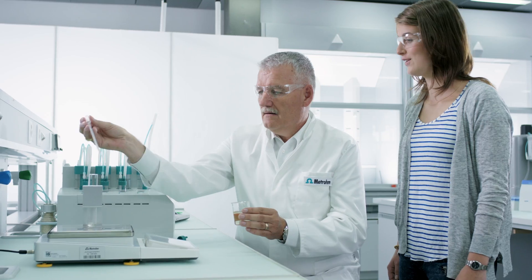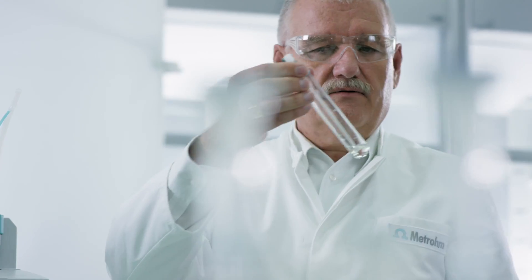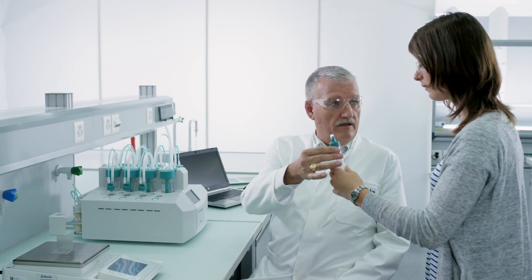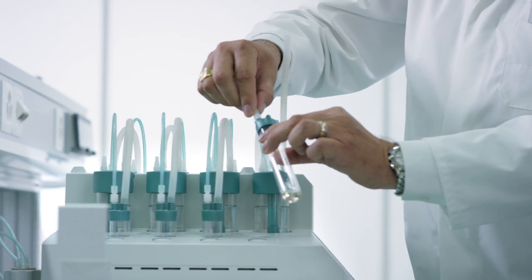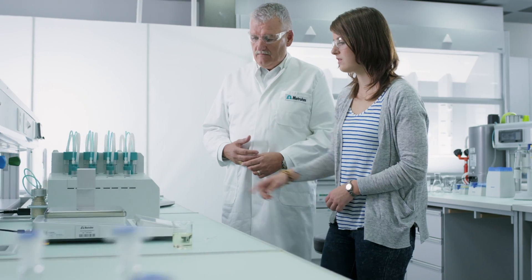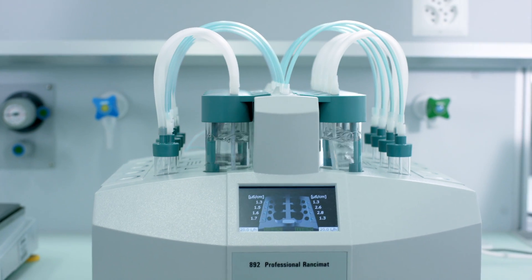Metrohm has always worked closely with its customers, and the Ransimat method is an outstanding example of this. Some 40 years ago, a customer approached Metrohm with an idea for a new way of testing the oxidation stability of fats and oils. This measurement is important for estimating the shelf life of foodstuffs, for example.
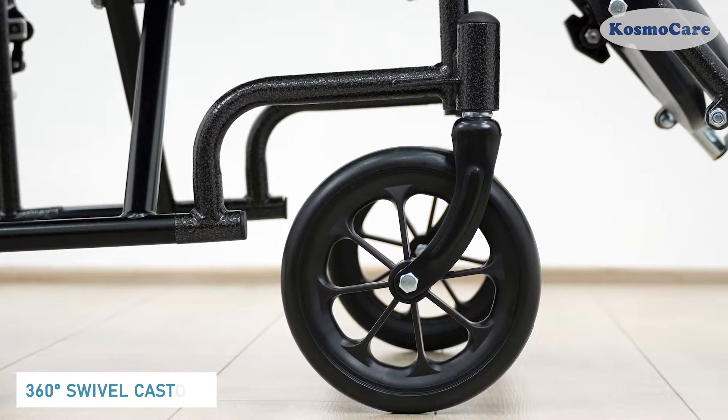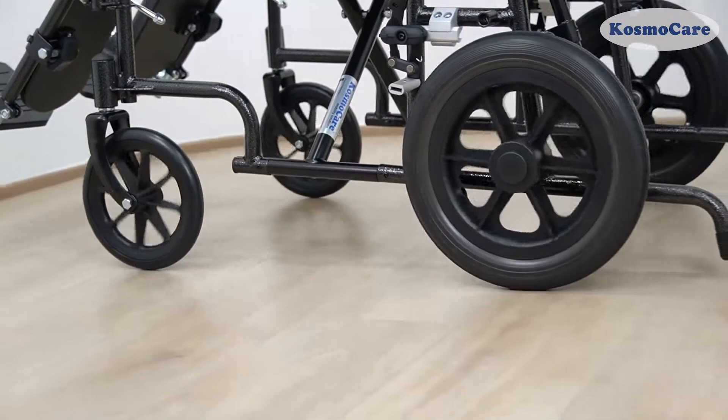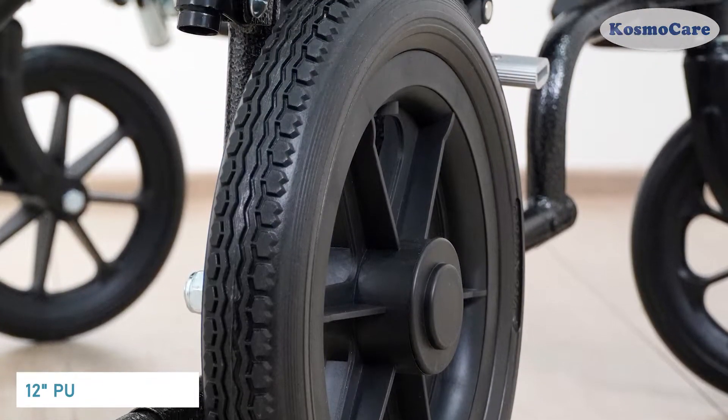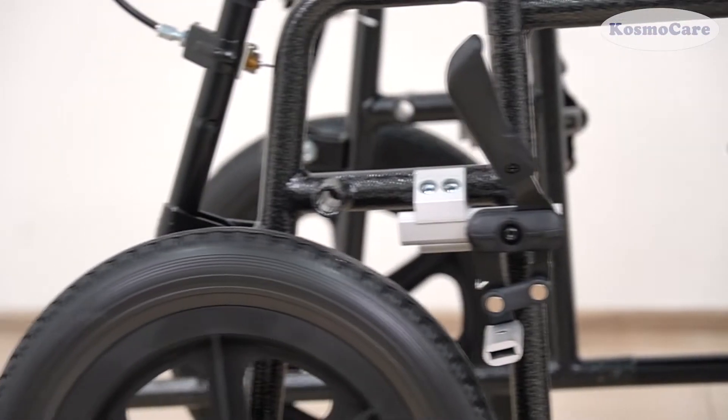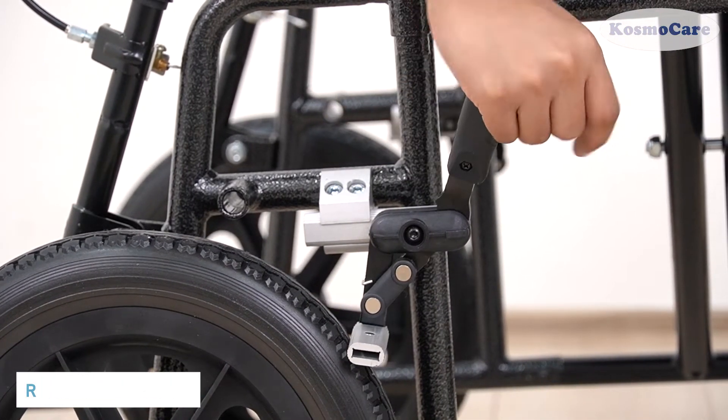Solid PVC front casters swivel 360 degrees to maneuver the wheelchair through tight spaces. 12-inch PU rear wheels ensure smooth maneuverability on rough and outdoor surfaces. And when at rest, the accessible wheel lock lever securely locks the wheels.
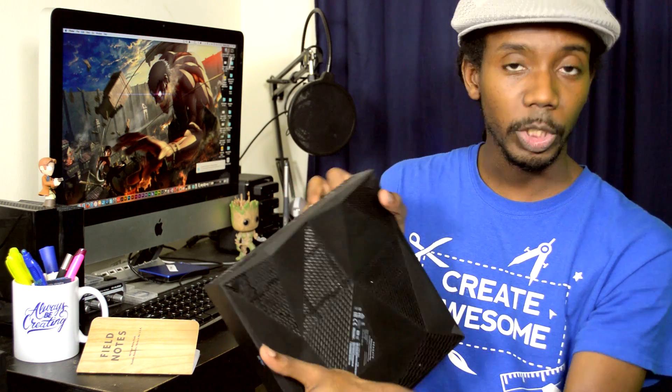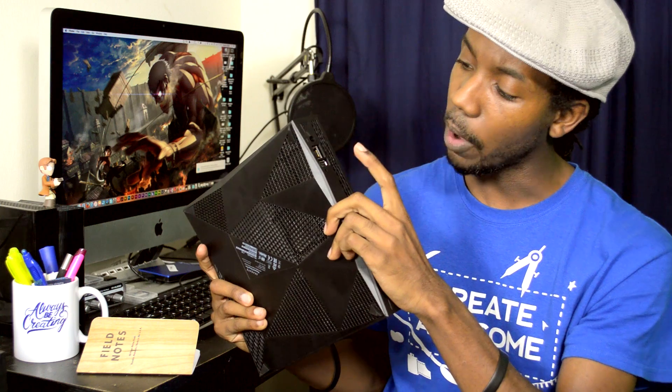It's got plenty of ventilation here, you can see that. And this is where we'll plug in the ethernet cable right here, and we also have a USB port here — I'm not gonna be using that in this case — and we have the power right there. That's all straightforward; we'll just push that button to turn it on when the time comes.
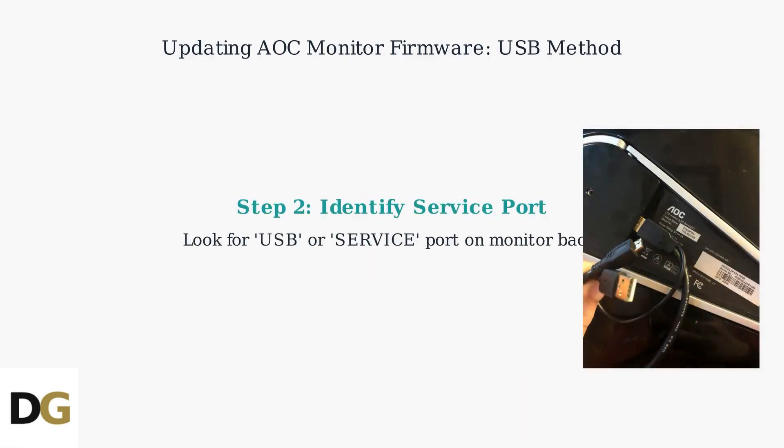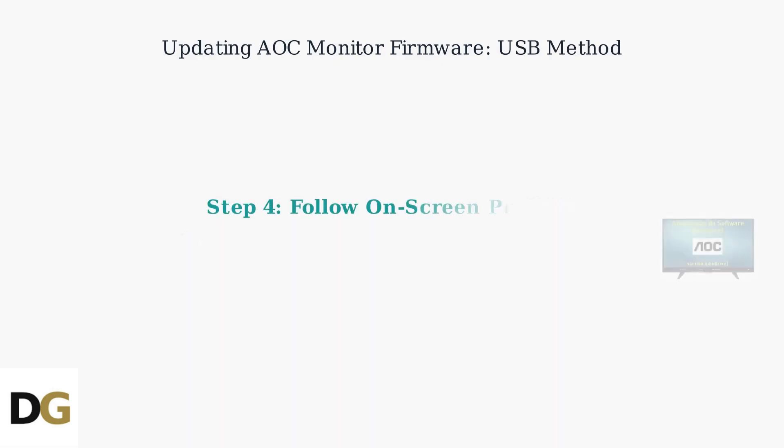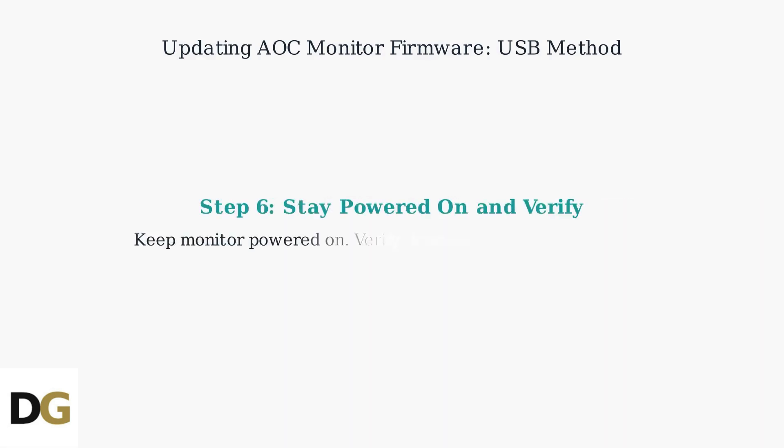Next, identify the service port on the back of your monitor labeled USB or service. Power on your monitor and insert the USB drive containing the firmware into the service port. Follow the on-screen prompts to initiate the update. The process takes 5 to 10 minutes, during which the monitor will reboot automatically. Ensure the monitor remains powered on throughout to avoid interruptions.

++++

Write out the lines of the listing from the one that holds "Solid PVC front" to the very last line, both included, exactly as they appear and without any pictures.

Solid PVC front casters swivel 360 degrees to maneuver the wheelchair through tight spaces. 12-inch PU rear wheels ensure smooth maneuverability on rough and outdoor surfaces. And when at rest, the accessible wheel lock lever securely locks the wheels.
It's got plenty of ventilation here, you can see that. And this is where we'll plug in the ethernet cable right here, and we also have a USB port here — I'm not gonna be using that in this case — and we have the power right there. That's all straightforward; we'll just push that button to turn it on when the time comes.
Next, identify the service port on the back of your monitor labeled USB or service. Power on your monitor and insert the USB drive containing the firmware into the service port. Follow the on-screen prompts to initiate the update. The process takes 5 to 10 minutes, during which the monitor will reboot automatically. Ensure the monitor remains powered on throughout to avoid interruptions.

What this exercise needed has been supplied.